Task description
The data below should be transcribed in full, with no picture included.
** Opening Entries provided block **
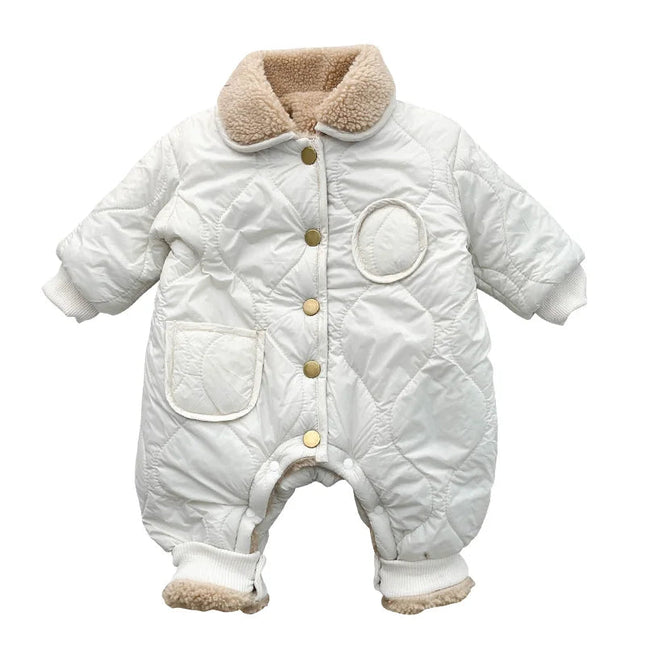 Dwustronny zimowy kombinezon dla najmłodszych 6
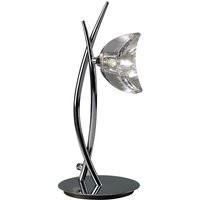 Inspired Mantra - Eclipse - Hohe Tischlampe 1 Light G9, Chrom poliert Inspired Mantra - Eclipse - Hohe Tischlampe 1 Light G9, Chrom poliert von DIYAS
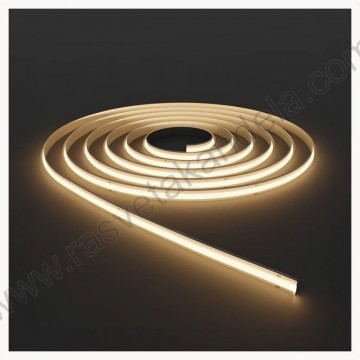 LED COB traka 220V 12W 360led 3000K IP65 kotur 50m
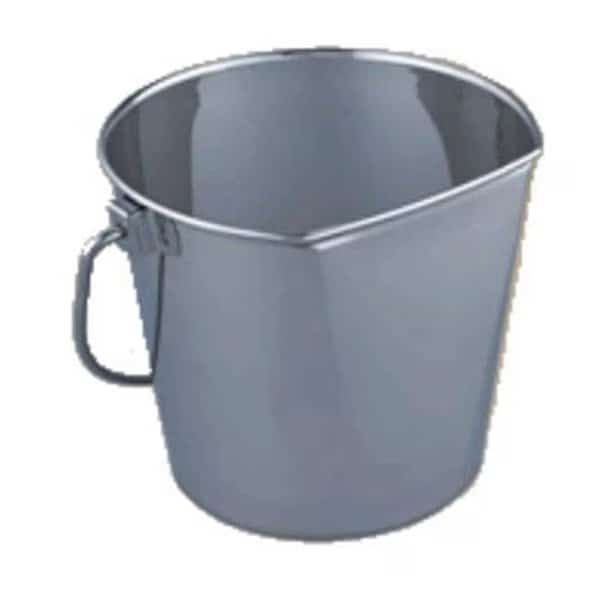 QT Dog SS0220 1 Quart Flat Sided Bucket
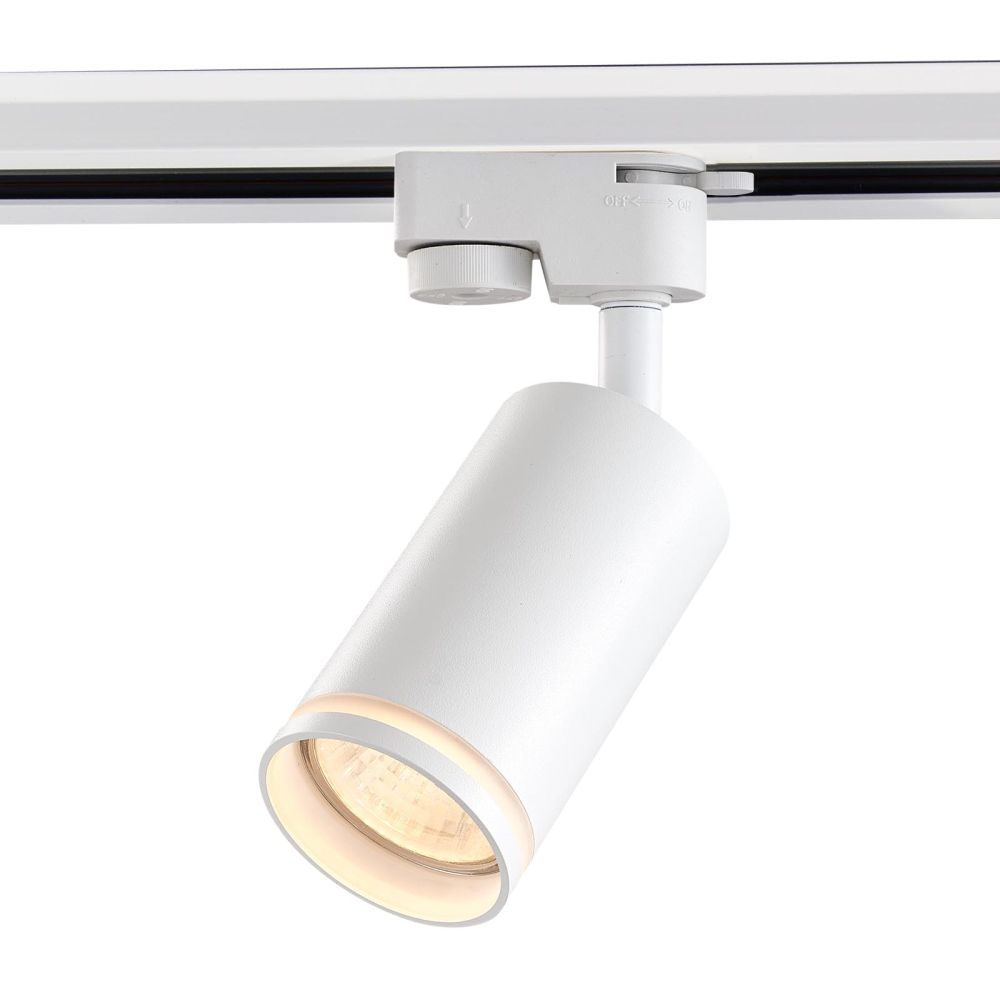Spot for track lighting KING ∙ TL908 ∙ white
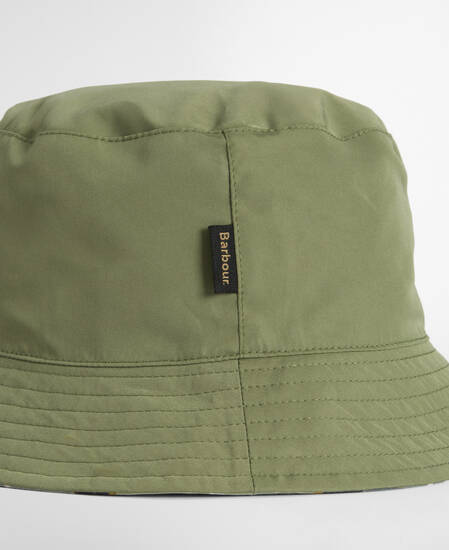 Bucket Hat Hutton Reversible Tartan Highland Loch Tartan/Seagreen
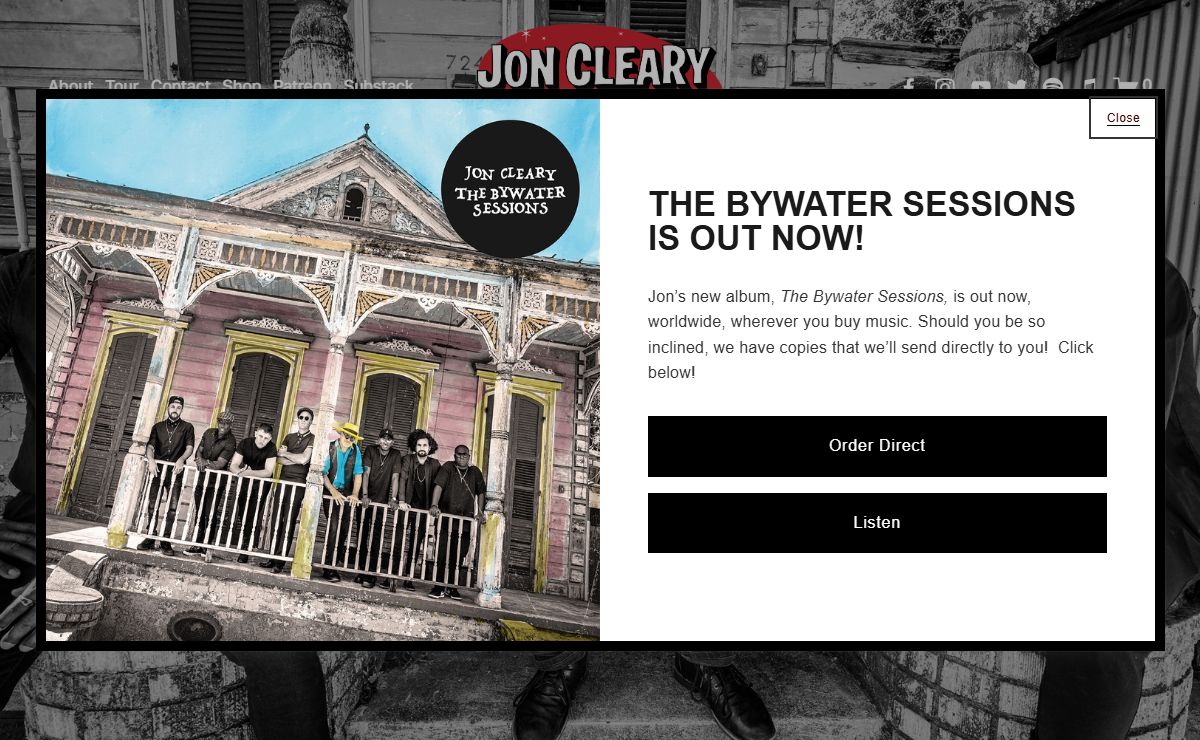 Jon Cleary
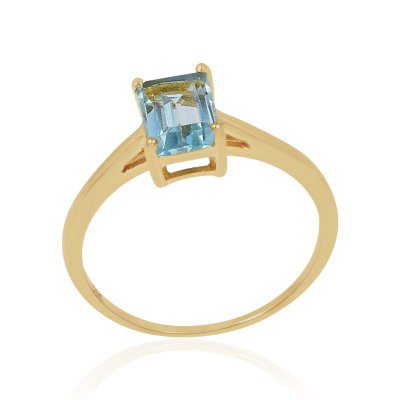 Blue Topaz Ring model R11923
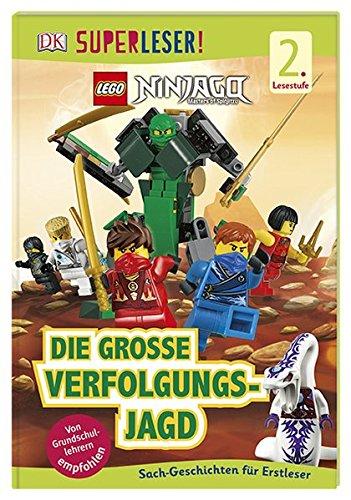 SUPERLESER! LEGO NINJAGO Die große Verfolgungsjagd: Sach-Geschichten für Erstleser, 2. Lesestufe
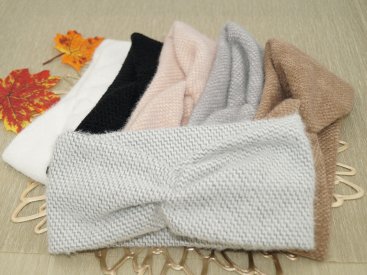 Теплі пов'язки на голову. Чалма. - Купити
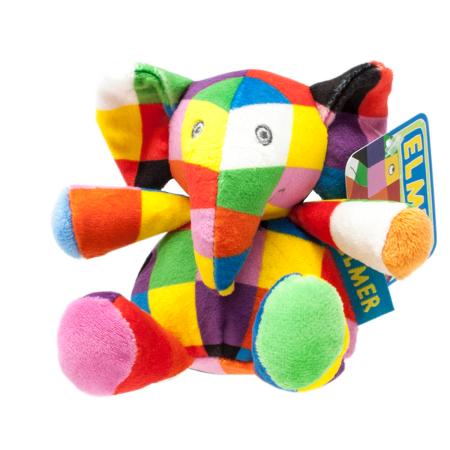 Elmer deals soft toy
** Closing Entries provided block **
Task answer
 Dwustronny zimowy kombinezon dla najmłodszych 6
 Inspired Mantra - Eclipse - Hohe Tischlampe 1 Light G9, Chrom poliert Inspired Mantra - Eclipse - Hohe Tischlampe 1 Light G9, Chrom poliert von DIYAS
 LED COB traka 220V 12W 360led 3000K IP65 kotur 50m
 QT Dog SS0220 1 Quart Flat Sided Bucket
Spot for track lighting KING ∙ TL908 ∙ white
 Bucket Hat Hutton Reversible Tartan Highland Loch Tartan/Seagreen
 Jon Cleary
 Blue Topaz Ring model R11923
 SUPERLESER! LEGO NINJAGO Die große Verfolgungsjagd: Sach-Geschichten für Erstleser, 2. Lesestufe
 Теплі пов'язки на голову. Чалма. - Купити
 Elmer deals soft toy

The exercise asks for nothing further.